JPH08201515A - Information processor for navigation - Google Patents

Abstract

PURPOSE: To prevent running on rocks and improve safety in navigation in a shallow sea by accurately calculating the minimum depth required by a ship when a pitch angle which is the inclination of an own ship is included in processing on navigation and performing display along with the generation of alarm when the running-on-rocks is predicted. CONSTITUTION: When a transmitter/receiver 8 measures the straight-line distance to a seabed obstacle due to running-on-rocks, it calculates the depth of the seabed obstacle by calculating at a data processing part 1. A gyro 7' periodically measures the pitch angle of a ship and temporarily stores the data measured by the gyro at a data part 4. Also, the data processing part 1 compensates a sonar measurement value due to the inclination of the ship from measurement data and then calculates seabed information. A display 3 displays a sea trench diagram based on the seabed information data calculated by the data processing part 1, displays the location of running-on-rocks and the distance from a current own ship when the running-on-rocks is predicted in the route of the own ship based on the sea trench diagram and the maximum value of the amplitude of the inclination of the ship, and at the same time generates an alarm.

Description

Detailed Description of the Invention

[0001]

BACKGROUND OF THE INVENTION 1. Field of the Invention The present invention relates to a navigation information processing apparatus used when a ship is navigating, and in particular to a pitch angle which is a tilt of a hull measured by a gyro from seabed data measured by a transducer. In addition, the present invention relates to a navigation information processing device for ensuring safety of navigation on a route having a seabed obstacle such as a reef by accurately calculating the minimum required depth for navigation.

[0002]

2. Description of the Related Art Some conventional apparatuses have a function of preventing a grounding by generating a sectional projection view of a seabed from a seabed echo signal of a sonar and chart information.

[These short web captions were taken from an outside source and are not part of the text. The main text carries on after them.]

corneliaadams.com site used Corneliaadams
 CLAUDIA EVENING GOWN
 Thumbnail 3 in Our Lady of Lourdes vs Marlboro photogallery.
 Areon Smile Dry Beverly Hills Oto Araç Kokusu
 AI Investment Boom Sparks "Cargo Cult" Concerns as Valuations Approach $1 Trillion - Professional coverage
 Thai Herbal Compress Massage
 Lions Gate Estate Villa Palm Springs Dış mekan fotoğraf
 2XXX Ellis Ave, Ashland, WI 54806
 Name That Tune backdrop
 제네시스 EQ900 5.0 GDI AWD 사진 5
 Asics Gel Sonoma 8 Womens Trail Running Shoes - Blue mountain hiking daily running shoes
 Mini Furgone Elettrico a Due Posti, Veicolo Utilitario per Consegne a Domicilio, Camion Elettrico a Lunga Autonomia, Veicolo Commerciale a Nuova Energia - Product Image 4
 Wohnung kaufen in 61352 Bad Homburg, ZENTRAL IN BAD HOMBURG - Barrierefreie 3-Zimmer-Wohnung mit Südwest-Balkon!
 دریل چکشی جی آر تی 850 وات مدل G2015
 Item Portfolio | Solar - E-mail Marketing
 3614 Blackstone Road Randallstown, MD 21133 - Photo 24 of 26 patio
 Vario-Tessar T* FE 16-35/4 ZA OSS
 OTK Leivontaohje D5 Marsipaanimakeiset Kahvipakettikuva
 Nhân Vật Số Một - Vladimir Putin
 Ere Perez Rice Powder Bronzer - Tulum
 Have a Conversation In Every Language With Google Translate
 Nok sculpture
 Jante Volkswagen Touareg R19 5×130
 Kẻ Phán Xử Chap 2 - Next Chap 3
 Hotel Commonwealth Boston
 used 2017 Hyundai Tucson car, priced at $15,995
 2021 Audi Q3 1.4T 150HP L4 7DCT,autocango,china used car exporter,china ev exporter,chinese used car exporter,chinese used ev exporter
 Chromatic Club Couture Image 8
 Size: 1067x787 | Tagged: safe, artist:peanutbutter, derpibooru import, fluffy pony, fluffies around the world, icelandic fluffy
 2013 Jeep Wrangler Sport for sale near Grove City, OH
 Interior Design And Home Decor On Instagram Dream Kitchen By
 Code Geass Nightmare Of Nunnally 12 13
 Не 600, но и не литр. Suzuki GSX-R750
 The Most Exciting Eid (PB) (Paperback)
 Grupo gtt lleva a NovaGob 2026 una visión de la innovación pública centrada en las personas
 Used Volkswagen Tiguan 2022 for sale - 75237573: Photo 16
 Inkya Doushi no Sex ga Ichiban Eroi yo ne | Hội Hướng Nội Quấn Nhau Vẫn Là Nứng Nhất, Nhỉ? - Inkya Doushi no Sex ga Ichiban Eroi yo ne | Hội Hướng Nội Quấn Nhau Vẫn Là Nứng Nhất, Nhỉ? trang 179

This conventional apparatus is disclosed in Japanese Patent Laid-Open No. 02-95293.
As described in Japanese Patent Publication, a cross-sectional projection view and a plane projection view of the sea floor are created from the information of the sonar, a three-dimensional display is performed from these projection views, and the ship symbol is displayed to improve safety. I am trying.

In addition, in addition to the above-mentioned conventional ones, Japanese Patent Laid-Open No.
3-40882, JP-A-5-134031, and the like.

[0005]

Conventionally, it has been possible to obtain the distance to a seabed obstacle such as a reef based on information from a wave transmitter / receiver attached to a hull.
In the conventional technique described in Japanese Patent Laid-Open No. 2-95293, the minimum depth required by the ship when the hull is tilted due to external factors such as waves is accurately calculated, and grounding during navigation is predicted. Sometimes there was no function to raise an alarm.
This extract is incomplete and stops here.